为了进一步理解上述采样过程,下文结合一个例子进行介绍,该例子包括步骤(一)至(九),其中,步骤(一)至(五)可参考前述例子中的步骤(一)至(五),此处不再赘述。(六)在预置的图像坐标系中,根据N1×N2组新的第三地图点和N3组新的第一特征点,构成N1×N2×N3个新的组合,计算每一个组合中第三地图点与第一特征点之间的距离,可得到N1×N2×N3个距离,从中选择最小的距离,并以该距离对应的第一候选位姿的横坐标和纵坐标,以及该距离对应的第二候选位姿的航向角,组成第三候选位姿。(七)保持第三候选位姿 的预测位姿的横坐标、纵坐标、航向角和滚动角不变,在俯仰角的原始值的基础上采样N4次,并在竖坐标的原始值的基础上采样N5次,得到N4×N5个第四候选位姿。(八)根据每一个第四候选位姿,将矢量地图中的第三地图点投影至当前图像帧,得到N4×N5组新的第三地图点。(九)在当前图像帧中,根据N4×N5组新的第三地图点和当前图像帧中的第一特征点,构建N4×N5新的组合,计算每一个组合中第三地图点与第一特征点之间的距离,可得到N4×N5个距离,从中选择最小的距离,并以该距离对应的第四候选位姿的俯仰角和竖坐标,以及第三候选位姿的横坐标、纵坐标、航向角和滚动角,组成当前图像帧的位姿。

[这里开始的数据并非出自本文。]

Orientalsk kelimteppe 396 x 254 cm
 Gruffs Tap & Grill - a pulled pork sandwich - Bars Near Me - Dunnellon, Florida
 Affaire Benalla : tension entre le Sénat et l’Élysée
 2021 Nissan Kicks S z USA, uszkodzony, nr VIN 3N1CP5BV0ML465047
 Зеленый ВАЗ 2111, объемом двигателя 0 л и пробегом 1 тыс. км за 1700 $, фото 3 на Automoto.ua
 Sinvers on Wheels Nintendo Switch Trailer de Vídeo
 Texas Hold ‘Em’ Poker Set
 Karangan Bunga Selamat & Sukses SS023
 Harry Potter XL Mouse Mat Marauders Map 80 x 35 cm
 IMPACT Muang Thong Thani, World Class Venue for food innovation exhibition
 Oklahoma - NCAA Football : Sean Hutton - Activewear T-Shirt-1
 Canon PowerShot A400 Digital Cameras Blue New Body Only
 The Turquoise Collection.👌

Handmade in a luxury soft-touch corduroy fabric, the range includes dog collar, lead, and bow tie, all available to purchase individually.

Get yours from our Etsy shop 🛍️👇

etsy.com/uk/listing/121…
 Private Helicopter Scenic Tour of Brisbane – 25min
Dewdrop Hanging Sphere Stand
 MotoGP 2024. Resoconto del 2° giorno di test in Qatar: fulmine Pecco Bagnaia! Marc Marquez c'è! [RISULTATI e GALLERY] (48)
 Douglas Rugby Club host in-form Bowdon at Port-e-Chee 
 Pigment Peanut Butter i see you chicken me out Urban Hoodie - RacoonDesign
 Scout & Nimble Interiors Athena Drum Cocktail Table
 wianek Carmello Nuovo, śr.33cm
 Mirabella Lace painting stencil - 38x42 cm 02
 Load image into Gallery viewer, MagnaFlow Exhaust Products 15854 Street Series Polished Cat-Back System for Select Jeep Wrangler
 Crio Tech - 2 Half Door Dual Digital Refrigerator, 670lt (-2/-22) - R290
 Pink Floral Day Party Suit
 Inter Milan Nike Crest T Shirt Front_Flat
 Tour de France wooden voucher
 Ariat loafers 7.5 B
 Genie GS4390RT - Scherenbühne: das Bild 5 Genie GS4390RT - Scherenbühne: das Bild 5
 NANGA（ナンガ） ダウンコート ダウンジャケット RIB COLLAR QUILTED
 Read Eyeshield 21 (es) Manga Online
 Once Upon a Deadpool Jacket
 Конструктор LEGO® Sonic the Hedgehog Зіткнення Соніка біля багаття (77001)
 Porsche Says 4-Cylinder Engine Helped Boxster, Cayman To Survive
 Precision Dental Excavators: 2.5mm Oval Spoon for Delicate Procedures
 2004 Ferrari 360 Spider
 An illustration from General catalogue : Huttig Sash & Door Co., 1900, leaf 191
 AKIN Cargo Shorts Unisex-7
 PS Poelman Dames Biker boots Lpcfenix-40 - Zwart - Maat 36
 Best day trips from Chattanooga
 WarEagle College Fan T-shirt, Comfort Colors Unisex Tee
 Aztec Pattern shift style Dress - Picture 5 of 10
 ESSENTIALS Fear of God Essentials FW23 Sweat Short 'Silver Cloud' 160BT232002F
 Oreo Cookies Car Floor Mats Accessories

得到当前图像帧的位姿和上一次优化后的其它图像帧的位姿后,还可对当前图像帧和其它图像帧进行语义检测,从而得到当前图像帧的第一特征点和其它图像帧的第二特征点。具体地,可通过神经网络对当前图像帧和其它图像帧分别进行语义检测处理,即进行特征提取,从而得到当前图像帧的第一特征点和其它图像帧的第二特征点,第一特征点和第二特征点可以理解为图像上的语义标识。需要说明的是,当前图像帧的第一特征点包括交通环境中各类物体的特征点,图5为本申请实施例提供的当前图像帧的第一特征点的一个示意图,如图5所示,灯杆的特征点和车道线的特征点可以为两个端部的像素点,红绿灯的特征点和指示牌的特征点可以为多个像素点汇集成的矩形框(即外包围盒)等等。同理,其它图像帧的第二特征点也是如此,此处不再赘述。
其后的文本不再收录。